Monday, August 8, 2011

Barefoot Gen

Hadashi no Gen; animated war drama / disaster film, Japan, 1983; D: Mori Masaki, S: Issei Miyazaki, Yoshie Shimamura, Takao Inoue, Seiko Nakano, Masaki Koda, Takeshi Aono

Hiroshima, World War II. Gen is a young boy who helps his family in search for food. His little brother Shinji, older sister Eiko and father are all concerned about their pregnant mother. In the early morning hours of 6 August, US plane Enola Gay drops an atom bomb on the city, causing utter destruction and mass mortality. Father, Shinji and Eiko all die in the burning house, while mother and Gen, who was outside during the explosion, survive. Mother gives birth to a baby, but radioactive rain, corpses and lack of food make the survival unbearable. The baby dies, but Gen finds a little boy who resembles Shinji and adopts him in the family.

Atomic bombing of Hiroshima, which killed at least 70,000 people in only 10 seconds, was for the longest time a taboo topic in Japan's society, yet its catastrophic effects stayed in the subconscious and were sensed in numerous films. Various documentaries showed the explosion only from the American perspective, i.e. just showing the bomb dropping from the airplane, yet "Barefoot Gen" is one of those rare stories that actually show the event from the perspective of people who actually lived through it. This anime actually has additional weight because the author Keiji Nakazawa actually experienced the explosion as a child himself and lived to tell the tale. "Gen" is without a doubt one of the most terrifying movies of the 20th Century: the first third revolving around the struggling family with a pregnant mother, when everything is quiet and tranquil, slowly creates an intense mood of uncertainty whereas the sole 5-minute sequence of the nuclear destruction of Hiroshima is a sight of unforgettable horror.

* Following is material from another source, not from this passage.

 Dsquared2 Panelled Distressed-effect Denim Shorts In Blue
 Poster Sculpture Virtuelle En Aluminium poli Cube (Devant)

The camera shows at first just small hints of the upcoming disaster: ants mysteriously rush into the house, Gen and a girl observe a plane high in the sky while shots of a clock are ominously ever-present. The virtuoso sequence of the explosion, where buildings, streetcars and trees just get blown away, is corroborated by human tragedy when it shows how people decompose on the streets from heat and how Gen survived just because he ducked behind a wall to pick up a rock on the floor. Even more devastating than "Grave of the Fireflies", "Gen" abounds with shocking scenes (a man who is covered by maggots, for instance), but they do not seem fake, cheap or perverted but honest precisely because they constitute an honest story that shows the way things were back in those days. Despite everything, this is a monument to hope, peace, the message that life will find a way even in the darkest times and fight for humanity, which makes it somehow positive in the end, and it is one of those rare movies that are both vicious and gentle at the same time. The ending is one of the most touching, emotional ones in the history of anime - among the ranks of "Only Yesterday", "Utena", "Sailor Moon" and others - precisely because it managed to make the viewers so genuinely care about the characters.